Task goal>
Word for word, return each entry that follows, with every image removed.

Information shown>
···
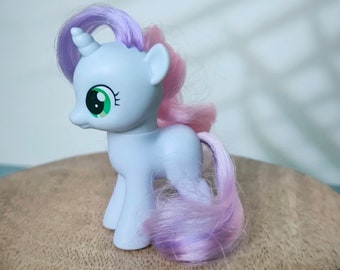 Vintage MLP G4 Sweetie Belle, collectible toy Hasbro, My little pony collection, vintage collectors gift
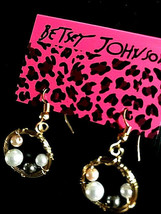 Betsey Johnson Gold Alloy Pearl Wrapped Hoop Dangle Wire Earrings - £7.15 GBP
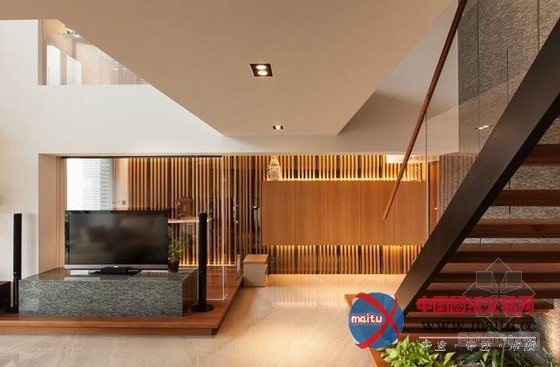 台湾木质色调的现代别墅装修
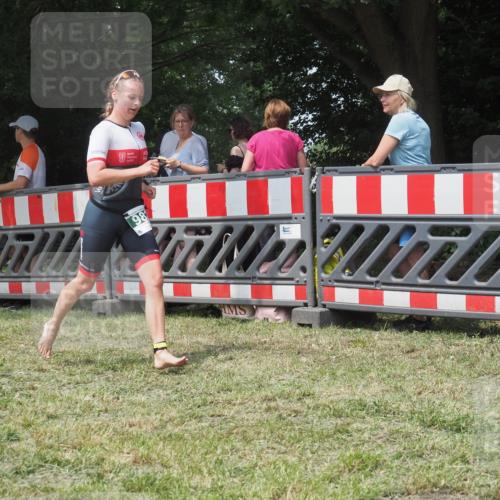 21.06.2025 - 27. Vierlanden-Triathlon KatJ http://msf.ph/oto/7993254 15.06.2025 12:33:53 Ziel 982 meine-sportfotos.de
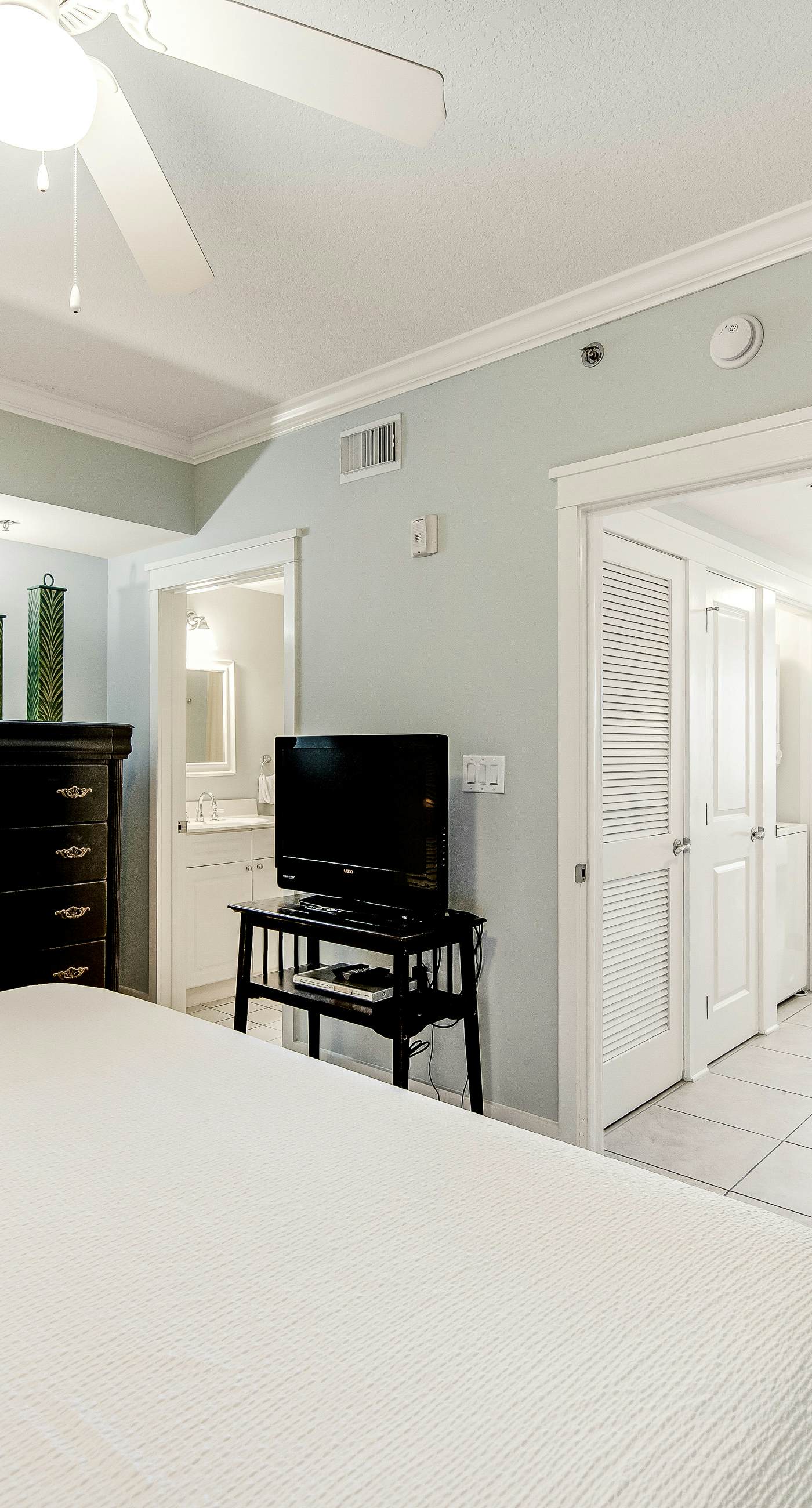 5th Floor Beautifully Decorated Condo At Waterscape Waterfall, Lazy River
···
Result>
 Vintage MLP G4 Sweetie Belle, collectible toy Hasbro, My little pony collection, vintage collectors gift
 Betsey Johnson Gold Alloy Pearl Wrapped Hoop Dangle Wire Earrings - £7.15 GBP
 台湾木质色调的现代别墅装修
 21.06.2025 - 27. Vierlanden-Triathlon KatJ http://msf.ph/oto/7993254 15.06.2025 12:33:53 Ziel 982 meine-sportfotos.de
 5th Floor Beautifully Decorated Condo At Waterscape Waterfall, Lazy River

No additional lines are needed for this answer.